The increased vapor traffic increases the pressure drop through the
transfer line and the fractionator, increases reactor pressure and hurts
yields. While the main column could simply be made larger, this is not
practical in existing units, and is expensive in new units when the size
of these columns is considered, many are more than 20' in diameter at the
base.
The common practice of mixing stripper vapor and cracked products also
forces refiners to use as stripping vapor only vapors which are compatible
with the downstream processing equipment. Stripping steam is the preferred
fluid, because it condenses intermediate the FCC main column overhead
receiver and the wet gas compressor, so increased stripping steam does not
translate into an increase in vapor volume to the wet gas compressor. If
any other vapor were used, e.g., flue gas, the additional gas would
require compression, and handling in a gas treating facility not designed
to handle inerts.
In U.S. Pat. No. 4,988,430, which is incorporated by reference, the
stripping vapors were isolated from cracked product and processed
separately. Much of the FCC unit was conventional--a riser reactor
discharged into cyclone separators in a reactor vessel. Cracked products
were removed and coked catalyst discharged into a stripper in the reactor
vessel. Conventional amounts of stripping steam were added to the
stripper. Stripper vapors were removed from the reactor vessel, cooled,
condensed, and recycled to the base of the riser reactor for use as a lift
gas. While this "recycle" of a portion of the stripper vapors to the base
of the riser provides an alternate source of lift gas it does nothing to
improve stripping.
We wanted a new approach to catalyst stripping. We wanted better stripping
of coked FCC catalyst without increasing vapor traffic to the FCC main
column. We wanted to be able to use hydrogen and/or more steam as a
stripping gas, but without sending this stripping gas to the main column.

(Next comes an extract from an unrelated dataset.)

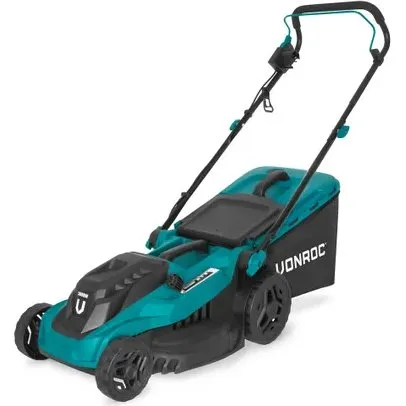 Vonroc LM506AC Grasmaaier 1600W, 38 cm, 42L Opvangbak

We discovered a way to operate the stripper with recycled stripping vapor.
By taking a different approach to stripping, we were able to achieve:
1. Some reduction in reactor pressure which improves reactor selectivity.
2. Cooler regenerated catalyst, permitting "windup" of the FCC unit to
increase conversion.
3. Drier regenerator operation, reducing catalyst hydrothermal
deactivation.
4. Increased liquid yields, recovering strippable hydrocarbons rather than
burning them in the regenerator.
Our new stripping process and apparatus not only improves stripping, it
reduces the load on the catalyst regenerator, minimizes SOx emissions, and
permits processing of difficult feeds. Regenerator temperatures can be
increased, reduced, or maintained constant while processing worse feeds,
by reducing hydrothermal deactivation of catalyst in the regenerator.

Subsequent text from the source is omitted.